We assume this format for the URIs, based on standard URN syntax and employing the Kahn/Wilensky system (http://www.cnri.reston.va.us/k-w.html) of specifying a naming authority followed by the name:
- We express the naming authority as follows: urn:det:tc:usask:CTP2, representing community CTP2 at the usask instance of the det:tc scheme.
- We separate the naming authority from the name by '/'.
- The name itself is set as a set of hierarchical property value pairs, beginning at the top of the hierarchy (respectively, document and entity) for each resource.
Thus:
for documents: urn:det:tc:usask:CTP2/document=Hg. Document Hg (the Hengwrt manuscript of the Canterbury Tales)
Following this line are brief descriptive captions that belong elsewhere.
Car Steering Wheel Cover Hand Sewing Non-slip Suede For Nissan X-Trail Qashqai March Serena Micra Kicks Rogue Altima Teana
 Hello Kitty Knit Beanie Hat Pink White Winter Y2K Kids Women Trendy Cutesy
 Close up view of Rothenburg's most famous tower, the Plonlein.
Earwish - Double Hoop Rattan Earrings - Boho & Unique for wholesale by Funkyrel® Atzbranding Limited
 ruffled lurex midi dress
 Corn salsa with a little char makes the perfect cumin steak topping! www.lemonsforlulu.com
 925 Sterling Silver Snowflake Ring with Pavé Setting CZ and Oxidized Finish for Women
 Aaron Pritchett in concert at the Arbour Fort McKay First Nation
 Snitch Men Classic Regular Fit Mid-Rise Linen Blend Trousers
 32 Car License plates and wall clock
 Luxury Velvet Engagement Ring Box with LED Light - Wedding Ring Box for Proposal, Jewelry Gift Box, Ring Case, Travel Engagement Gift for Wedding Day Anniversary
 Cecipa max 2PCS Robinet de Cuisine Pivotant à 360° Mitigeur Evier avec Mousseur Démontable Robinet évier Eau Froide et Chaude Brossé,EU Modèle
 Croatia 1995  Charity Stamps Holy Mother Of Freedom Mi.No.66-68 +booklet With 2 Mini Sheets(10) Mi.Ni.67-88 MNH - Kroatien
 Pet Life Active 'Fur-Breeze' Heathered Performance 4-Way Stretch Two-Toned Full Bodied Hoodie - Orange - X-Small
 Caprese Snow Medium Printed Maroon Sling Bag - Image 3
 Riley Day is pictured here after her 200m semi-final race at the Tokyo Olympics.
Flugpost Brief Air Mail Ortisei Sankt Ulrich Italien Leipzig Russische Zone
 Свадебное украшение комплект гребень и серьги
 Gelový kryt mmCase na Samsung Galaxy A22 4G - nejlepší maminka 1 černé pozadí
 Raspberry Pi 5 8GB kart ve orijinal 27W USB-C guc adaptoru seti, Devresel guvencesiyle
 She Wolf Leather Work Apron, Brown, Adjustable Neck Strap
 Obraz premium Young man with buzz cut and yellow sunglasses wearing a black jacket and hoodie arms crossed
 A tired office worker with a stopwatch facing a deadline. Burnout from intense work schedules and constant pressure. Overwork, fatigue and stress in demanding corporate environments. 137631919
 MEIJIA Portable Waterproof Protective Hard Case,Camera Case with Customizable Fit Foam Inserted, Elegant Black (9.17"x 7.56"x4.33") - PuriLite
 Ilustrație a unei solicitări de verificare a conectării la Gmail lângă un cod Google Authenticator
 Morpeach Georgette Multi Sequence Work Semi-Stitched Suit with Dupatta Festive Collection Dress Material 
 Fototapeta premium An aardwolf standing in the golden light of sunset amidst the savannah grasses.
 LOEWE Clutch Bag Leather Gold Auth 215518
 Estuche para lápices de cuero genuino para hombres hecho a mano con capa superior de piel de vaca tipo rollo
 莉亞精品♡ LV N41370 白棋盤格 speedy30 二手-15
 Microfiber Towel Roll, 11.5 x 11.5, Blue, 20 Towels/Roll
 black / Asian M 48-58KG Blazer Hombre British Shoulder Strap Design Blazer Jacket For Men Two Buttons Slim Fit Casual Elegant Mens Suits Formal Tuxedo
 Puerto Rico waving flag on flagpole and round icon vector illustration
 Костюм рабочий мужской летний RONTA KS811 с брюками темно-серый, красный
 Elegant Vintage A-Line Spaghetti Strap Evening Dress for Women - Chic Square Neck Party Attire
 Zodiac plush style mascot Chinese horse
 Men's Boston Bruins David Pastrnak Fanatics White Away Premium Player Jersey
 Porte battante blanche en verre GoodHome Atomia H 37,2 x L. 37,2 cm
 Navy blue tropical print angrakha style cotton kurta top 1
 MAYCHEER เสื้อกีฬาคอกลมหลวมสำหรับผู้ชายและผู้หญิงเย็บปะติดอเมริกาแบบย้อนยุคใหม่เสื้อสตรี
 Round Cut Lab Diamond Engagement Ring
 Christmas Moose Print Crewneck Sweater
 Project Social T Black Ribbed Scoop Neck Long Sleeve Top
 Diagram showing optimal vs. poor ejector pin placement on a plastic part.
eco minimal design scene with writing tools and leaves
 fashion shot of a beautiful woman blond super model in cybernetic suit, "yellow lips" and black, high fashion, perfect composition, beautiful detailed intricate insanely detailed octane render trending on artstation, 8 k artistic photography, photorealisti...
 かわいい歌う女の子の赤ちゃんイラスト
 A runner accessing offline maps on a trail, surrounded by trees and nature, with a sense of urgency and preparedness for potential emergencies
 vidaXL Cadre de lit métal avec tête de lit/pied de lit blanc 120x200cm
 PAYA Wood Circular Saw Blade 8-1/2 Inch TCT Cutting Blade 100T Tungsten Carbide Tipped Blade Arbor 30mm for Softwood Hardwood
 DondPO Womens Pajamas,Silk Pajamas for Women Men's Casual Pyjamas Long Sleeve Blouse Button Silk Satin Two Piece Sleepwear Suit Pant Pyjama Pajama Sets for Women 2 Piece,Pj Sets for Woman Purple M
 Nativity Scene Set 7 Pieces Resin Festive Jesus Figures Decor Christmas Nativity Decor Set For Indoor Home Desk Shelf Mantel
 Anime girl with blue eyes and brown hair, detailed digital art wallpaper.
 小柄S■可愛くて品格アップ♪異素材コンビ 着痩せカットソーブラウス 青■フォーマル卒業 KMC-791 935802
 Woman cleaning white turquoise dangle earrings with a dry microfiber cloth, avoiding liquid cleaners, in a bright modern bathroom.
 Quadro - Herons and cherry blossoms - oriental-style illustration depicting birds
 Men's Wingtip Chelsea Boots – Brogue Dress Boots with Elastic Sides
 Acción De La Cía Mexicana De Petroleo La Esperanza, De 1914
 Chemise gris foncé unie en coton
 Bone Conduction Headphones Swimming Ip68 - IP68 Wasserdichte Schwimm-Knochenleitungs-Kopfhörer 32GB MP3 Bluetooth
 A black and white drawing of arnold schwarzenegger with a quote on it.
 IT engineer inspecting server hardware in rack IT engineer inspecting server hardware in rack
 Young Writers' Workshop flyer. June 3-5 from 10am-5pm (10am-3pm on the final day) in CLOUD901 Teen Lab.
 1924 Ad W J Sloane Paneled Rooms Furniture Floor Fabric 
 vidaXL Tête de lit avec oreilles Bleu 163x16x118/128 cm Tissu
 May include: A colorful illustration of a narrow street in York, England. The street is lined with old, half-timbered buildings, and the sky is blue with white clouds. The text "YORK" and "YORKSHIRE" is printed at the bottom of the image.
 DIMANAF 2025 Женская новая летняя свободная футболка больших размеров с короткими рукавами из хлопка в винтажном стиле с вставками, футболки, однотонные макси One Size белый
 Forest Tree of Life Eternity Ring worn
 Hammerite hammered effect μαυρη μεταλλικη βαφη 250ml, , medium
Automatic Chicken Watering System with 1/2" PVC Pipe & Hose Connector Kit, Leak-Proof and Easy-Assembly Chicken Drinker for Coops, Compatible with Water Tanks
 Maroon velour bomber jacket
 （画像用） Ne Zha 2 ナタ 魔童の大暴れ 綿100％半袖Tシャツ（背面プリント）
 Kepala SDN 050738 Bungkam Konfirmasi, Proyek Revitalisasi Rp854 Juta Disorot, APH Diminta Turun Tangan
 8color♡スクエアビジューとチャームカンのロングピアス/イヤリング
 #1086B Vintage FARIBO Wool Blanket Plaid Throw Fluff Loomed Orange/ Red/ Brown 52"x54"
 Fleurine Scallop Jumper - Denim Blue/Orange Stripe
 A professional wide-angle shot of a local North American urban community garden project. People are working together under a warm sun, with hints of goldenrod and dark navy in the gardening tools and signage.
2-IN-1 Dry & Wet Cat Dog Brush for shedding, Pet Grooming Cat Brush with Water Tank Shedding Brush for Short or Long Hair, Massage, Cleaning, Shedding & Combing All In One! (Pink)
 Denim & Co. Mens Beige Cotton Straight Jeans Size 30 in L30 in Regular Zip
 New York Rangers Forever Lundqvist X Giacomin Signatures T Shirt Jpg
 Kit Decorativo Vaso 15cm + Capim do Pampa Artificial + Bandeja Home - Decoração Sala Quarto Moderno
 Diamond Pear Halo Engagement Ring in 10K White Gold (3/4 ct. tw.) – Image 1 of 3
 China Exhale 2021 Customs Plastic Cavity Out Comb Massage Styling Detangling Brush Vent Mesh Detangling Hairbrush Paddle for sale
for entities (an act of communication): urn:det:usask:CTP2/entity=GP The General Prologue of the Canterbury Tales
for texts, which is defined by an instance of an entity in a document: urn:det:tc:usask:CTP2/document=Hg:entity=GP. The General Prologue of the Canterbury Tales in the Hengwrt manuscript.
In addition to identifying a particular page or entity we wish to request a particular aspect of this page/entity/text. We do this through a query string affixed to the resource identifier. This has two parts, 'type' and 'format', separated by &. The format specifier may be omitted when the result is a JSON object. Thus:
urn:det:tc:usask:CTP2/document=Hg?type=transcript&format=xml. Will return the whole transcription of the Hengwrt manuscript (currently not implemented)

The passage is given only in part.